Invalid gamemode names are ignored while loading.
filters.require_op and filters.deny_op
require_op makes the rule staff/op-only by requiring sender.isOp(). deny_op blocks operators from triggering the rule.
Both default to false.
filters.require_starts_without_prefixes
This list rejects messages that start with any configured prefix. Legacy rules default this list to /, which prevents command-looking input from triggering old rule entries.
Structured rules default to an empty list unless you configure it.
filters.chance
filters.chance is a percentage from 0.0 to 100.0. The service clamps values outside that range.
At 100, the rule always passes the chance check. Below 100, FioChat uses random selection each time the matcher and other filters pass.
filters.per_player_cooldown_seconds
This gives one structured rule its own cooldown per player. It is independent from auto-reply.cooldown-seconds.

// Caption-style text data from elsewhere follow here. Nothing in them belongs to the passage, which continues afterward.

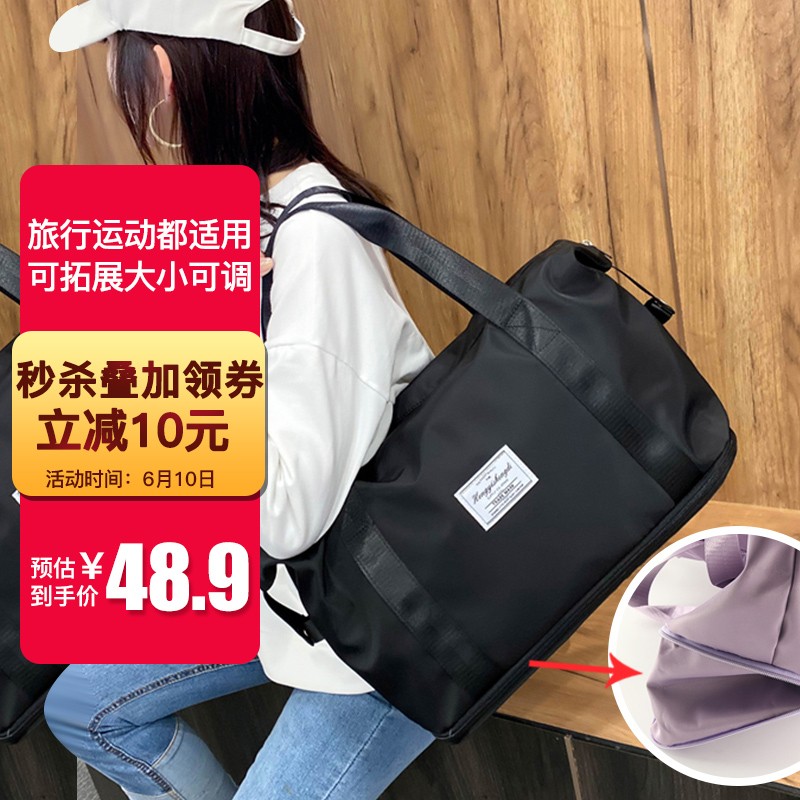 京东京东秒杀 2021-06-10 - 第17张 | 最新购物优惠券 京东京东秒杀 2021-06-10 - 第17张 | 最新购物优惠券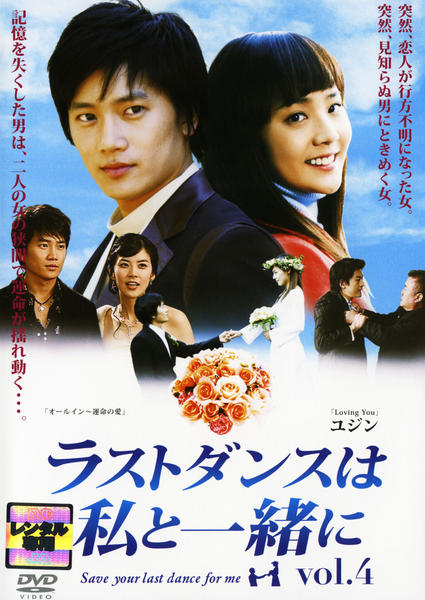 DVD「ラストダンスは私と一緒に 4」作品詳細 - GEO Online/ゲオオンライン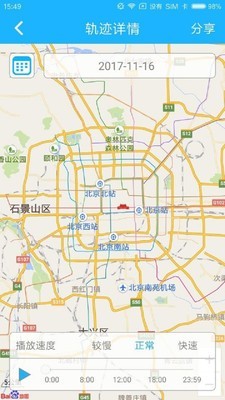 小车嘀嗒截图3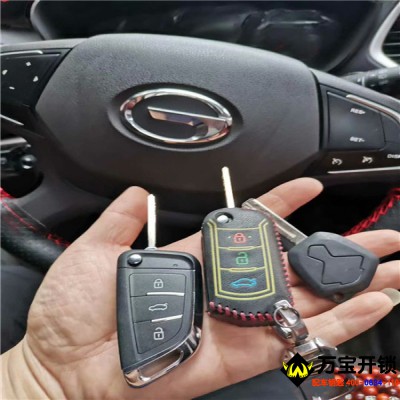 濟南市萊蕪廣汽傳祺GS4汽車鑰匙匹配，廣汽傳祺鑰匙增加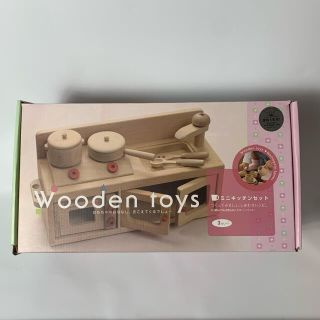 wooden toys ミニキッチンセット(知育玩具)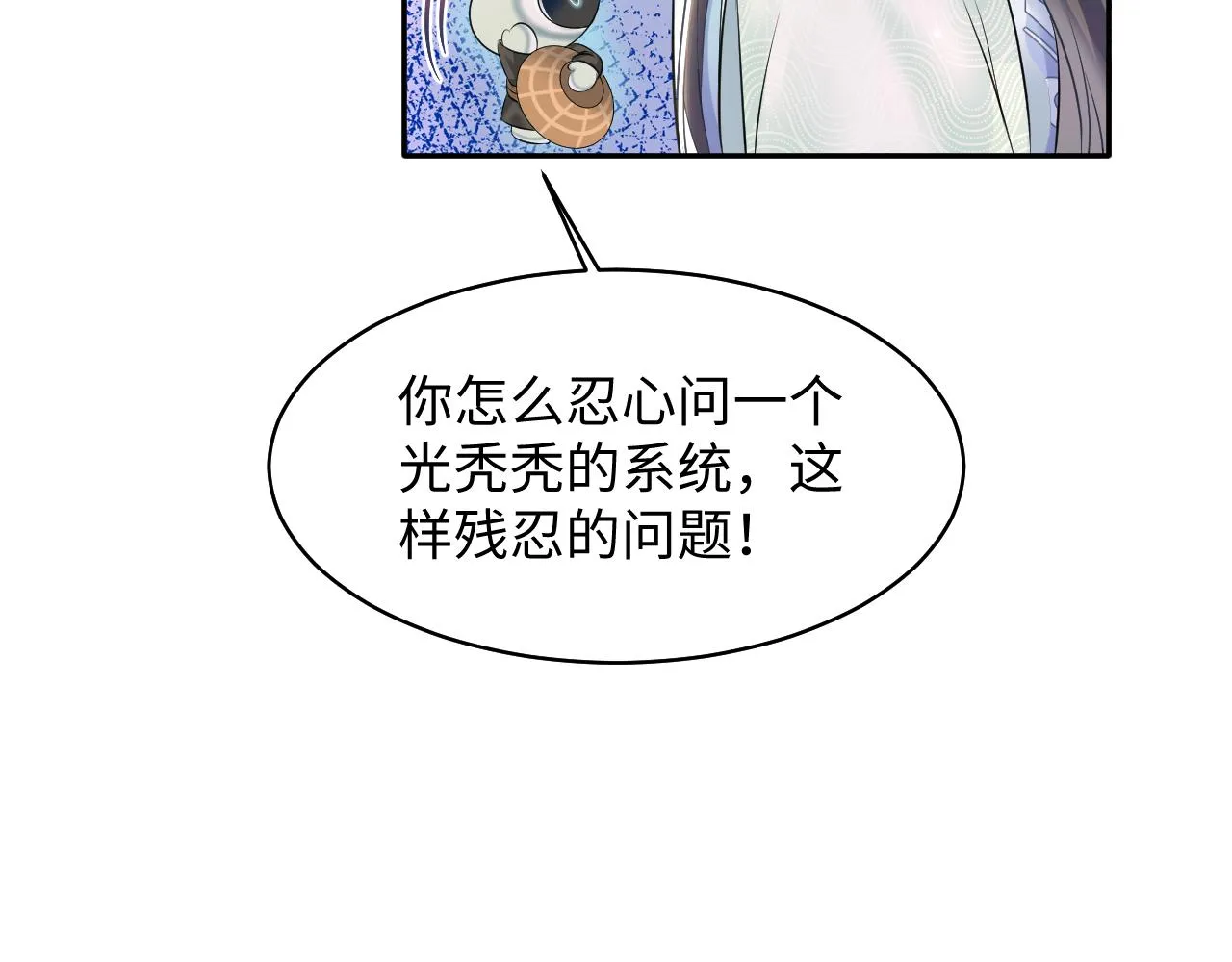 第109话为你梳头 第35页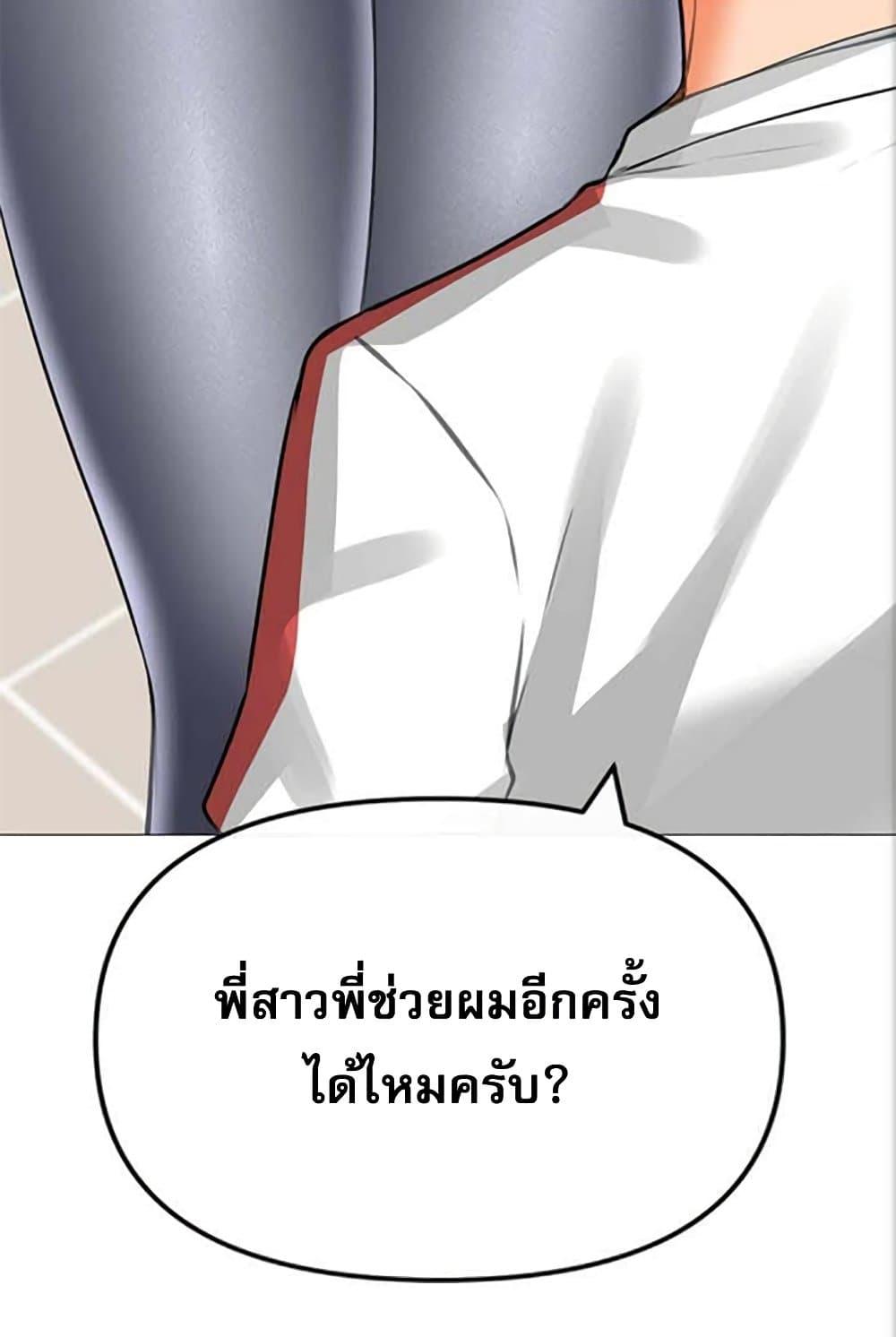 Doujin-Lc- อ่าน โดจิน มังฮวา เกาหลี ญี่ปุ่น จีน แปลไทย Troublesome Sister ตอนที่ 1 2 3 4 5 6 7 8 9 10 11 12 13 14 ฟรี ไม่มีโฆษณา อ่าน โดจิน Manhwa เกาหลี ญี่ปุ่น จีน เรามีครบ คัดมาให้เน้นๆ โดจิน 18+ รับประกันความฟินโดย  Doujin Lc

If a player triggers that rule, the same player cannot trigger that same rule again until the cooldown expires. Other rules can still match unless their own filters or cooldowns block them.
filters.per_rule_global_cooldown_seconds
This gives one structured rule a global cooldown shared by all players.

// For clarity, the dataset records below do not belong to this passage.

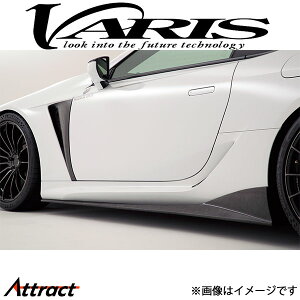 oX MAGNUM OPUS TChXJ[g LC VALE-012F VARIS GA O JX^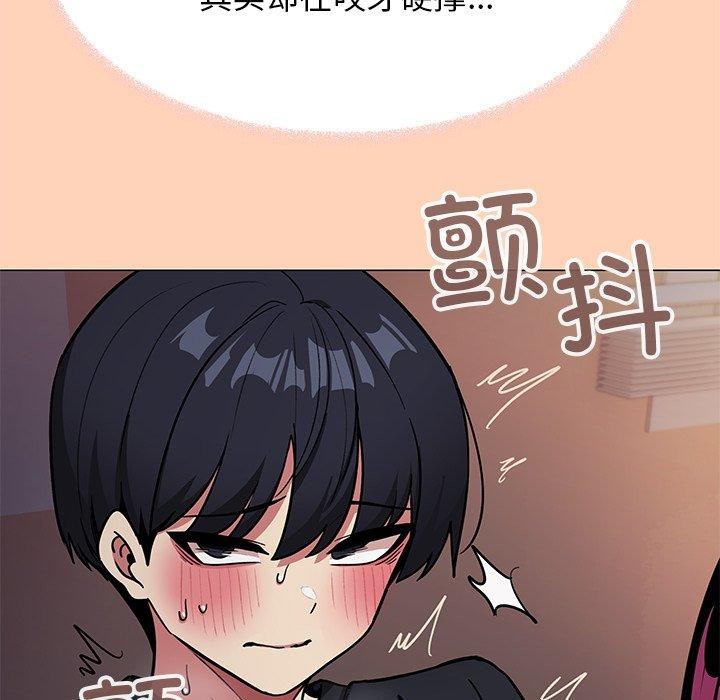 《缺德邻居难相处》漫画 第17話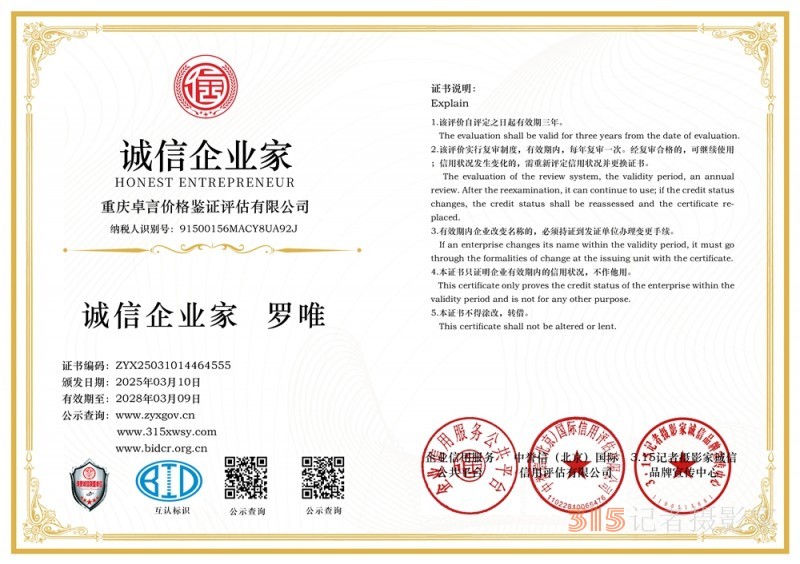 315 講誠(chéng)信企業(yè):重慶卓言?xún)r(jià)格鑒證評(píng)估有限公司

If one player triggers the rule, nobody can trigger that same rule again until the global cooldown expires.
auto-reply.replies.<id>.response.audience
response.audience decides who receives visual response channels. The current defaults use player for most rules and all for welcome-broadcast.
Supported values include player, sender, self, all, *, permission, players-with-permission, and staff. permission and players-with-permission require response.permission_audience. staff uses response.permission_audience when set, otherwise it defaults to fiochat.admin.

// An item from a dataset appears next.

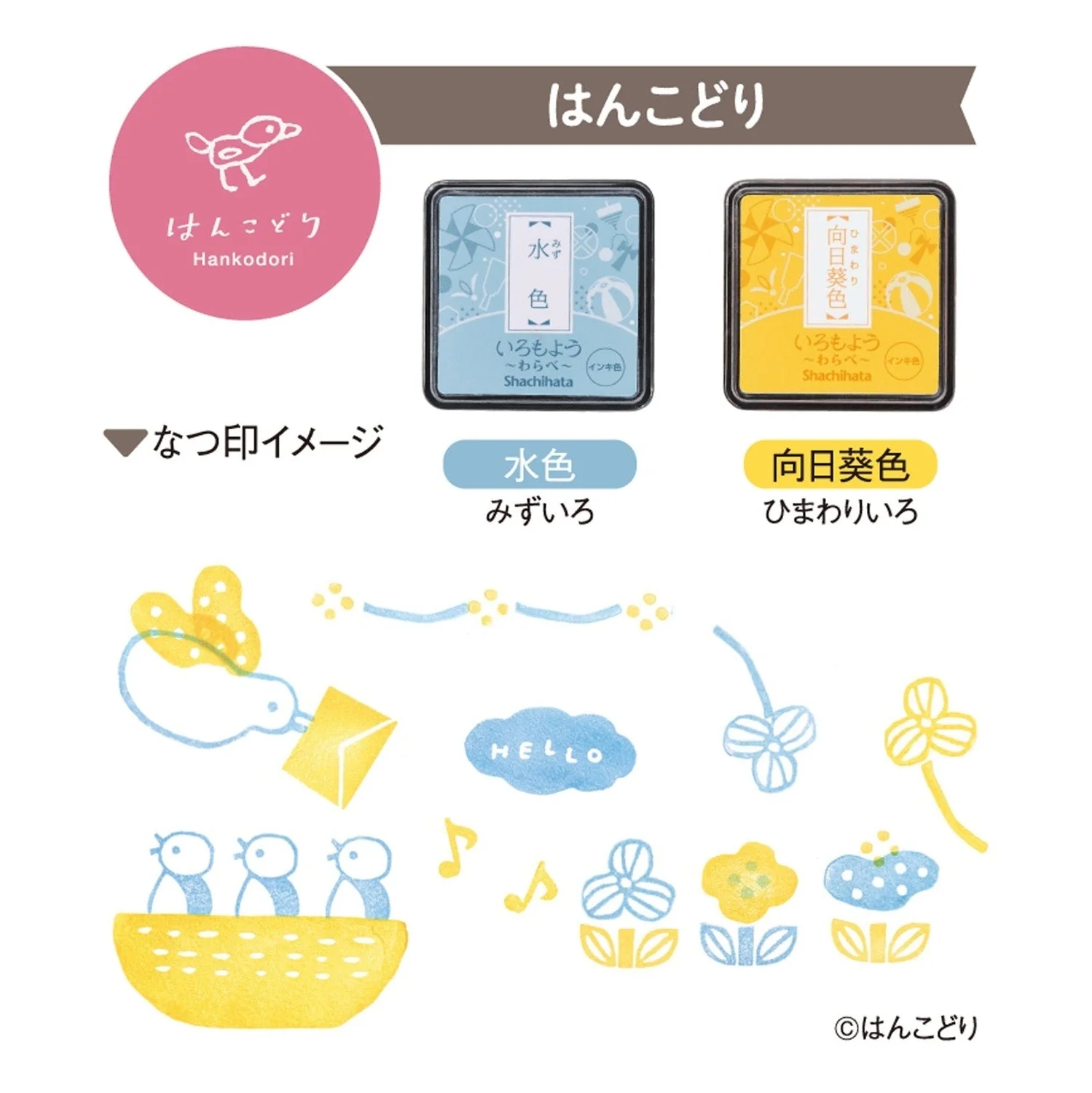 Shachihata Iromoyou Warabe x Clear Horu Navi TRY Set - Image 6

Console and player commands can still run even when there are no visual recipients.
response.permission_audience
permission_audience is used when the audience is permission-based or staff-based.
For permission or players-with-permission, empty permission means no recipients are added. For staff, empty permission falls back to fiochat.admin.
response.mode
response.mode controls whether response.replies are sent as chat. It defaults to chat.
If the mode is not chat, the rule can still send actionbar, title, bossbar, sound, or commands, but response.replies are not sent as chat lines.
response.replies
response.replies is the list of chat reply lines for the rule. The current defaults use simple list entries.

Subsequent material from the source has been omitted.